Тайна и кровь (Пильский) - страница 92

— Вы идете на рискованное дело… Это не так легко.

— Я знаю.

— Вы можете кончить очень плохо.

— Пусть!..

— Вас могут поймать на границе, и тогда…

— Все равно.

— Вас могут убить.

— Я ничего не боюсь… Мне все надоело… Лучше смерть, чем такая жизнь. Я разбита.

— Но что ж я вам могу посоветовать?

— Я не знаю… Скажите, где перейти, как добраться… Вам это известно лучше, чем кому-нибудь… Вы переходили границу…

— Да… конечно… но все это было…

— Ради Бога, ради всего, что есть для вас святого в жизни, научите!

Я остановился. Остановилась и она.

Мы были на Троицкой. Пред нами, напротив, высился дом гр. Толстого. Кажется, это — № 15.

— Ну что ж, хорошо… Но где же мне вам все это объяснять? Ведь не на улице же.

— Где хотите… Как вы скажете, так и будет.

Я стоял и думал: куда идти? Мария Диаман равнодушно шептала:

— Как хотите, куда хотите… Как скажете, так и будет.

Я быстро соображал:

— К Кириллу? Невозможно! Этот вытолкнет, а может быть, и убьет… Не к Трофимову же… Не хватало этого!

— К Жене?

К Жене! Но она встретит меня, как врага, неприступная в своем холодном презрении к убийце любимого человека. Да, любимого, в этом у меня не было теперь никаких сомнений.

— Но куда же?

Будто угадав мои мысли, эту причину моей растерянности, Мария Диаман робко предложила:

— Может быть, ко мне?

— К ва-ам? Но вы шутите.

— Нет, я не шучу… Вам нечего бояться… Во-первых, за мной никто не следит. Во-вторых, прежнего швейцара нет. Вас никто не знает. Мы пройдем в полной безопасности… Поверьте мне.

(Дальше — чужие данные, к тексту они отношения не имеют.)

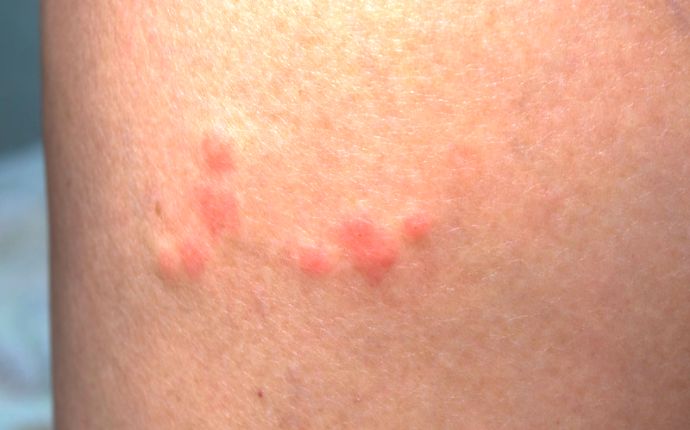 Close-up of bed bug bites.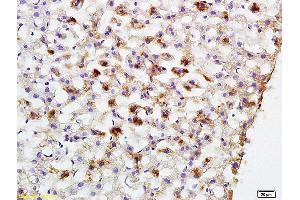 Formalin-fixed and paraffin embedded rat liver labeled with Anti-PCK2 Polyclonal Antibody, Unconjugated (ABIN708206) at 1:200 followed by conjugation to the secondary antibody and DAB staining (PEPCK anticorps  (AA 365-470))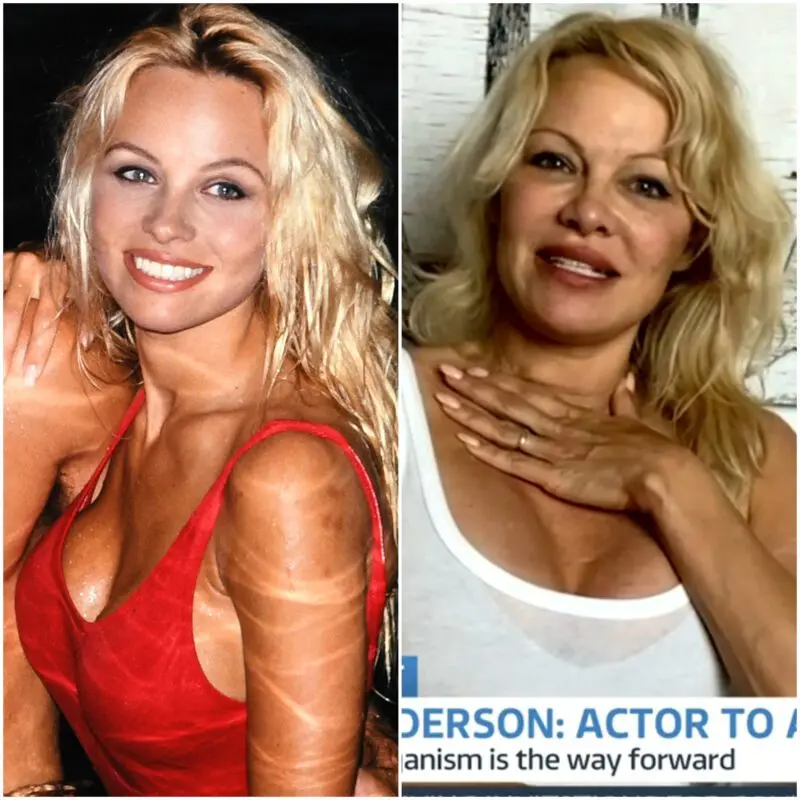 Pamela Anderson before and after plastic surgery photo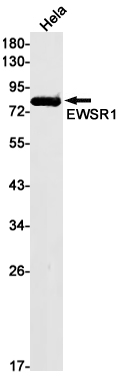 EWSR1 Rabbit mAb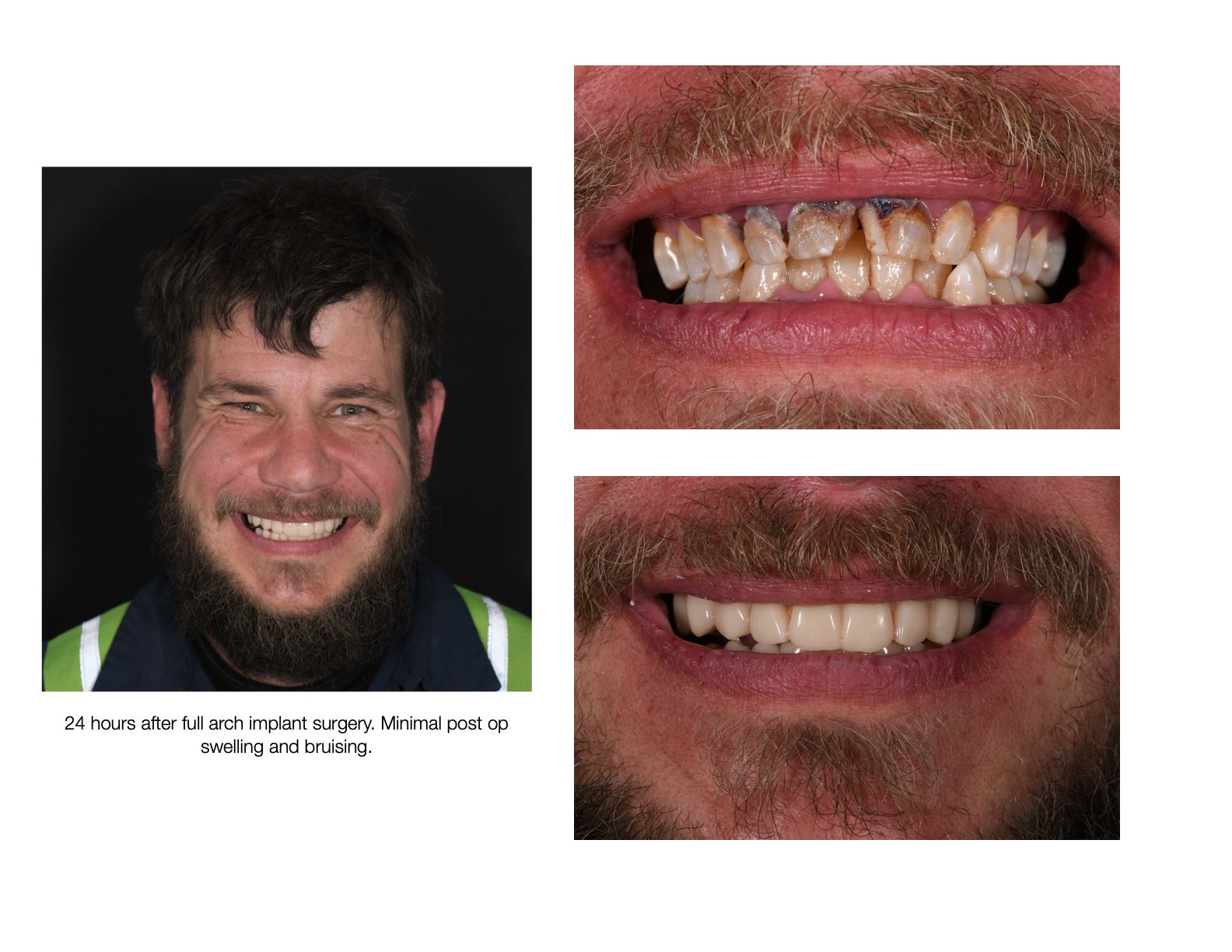 Man with damaged teeth before/after dental work; smiling with noticeable improvement.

Я пожал плечами. Не все ли равно? Кроме того, если я поверил ее искренности, — а в эту минуту я верил, — то почему я должен ждать западни у нее на квартире? Ведь она сама предлагает назначить место по моему собственному выбору.

И я все-таки захотел ее испытать.

— Хорошо, пойдемте, я знаю одно место… Там мы поговорим.

Я пошел чрез проходные ворота толстовского дома. Они выводили на Фонтанку. Мария Диаман безропотно шла за мной.

На набережной я заявил:

— Хорошо, к вам!

Тем же спокойным, совсем безразличным тоном она ответила:

— Ко мне так ко мне.

Мы подошли к дому, где она жила. Боже мой, как все это памятно, как знакомо, как тяжело!

Отворили дверь — вот он, этот вестибюль, через который я вышел тогда, в тот снежный день, и дерзко минул часового.

Вот лестница — по ней я спускался вместе с Феофилактом, вдруг откуда-то взявшимся, явившимся предо мной, как видение, возникшее в больном мозгу. И его тоже нет!

Вот лифт — под ним я скрывался столько часов, и рядом — дверь в швейцарскую. И все эти предметы, стены, ступени, машина — немые свидетели пережитых ужасов человека, вновь вошедшего сюда, в этот дом.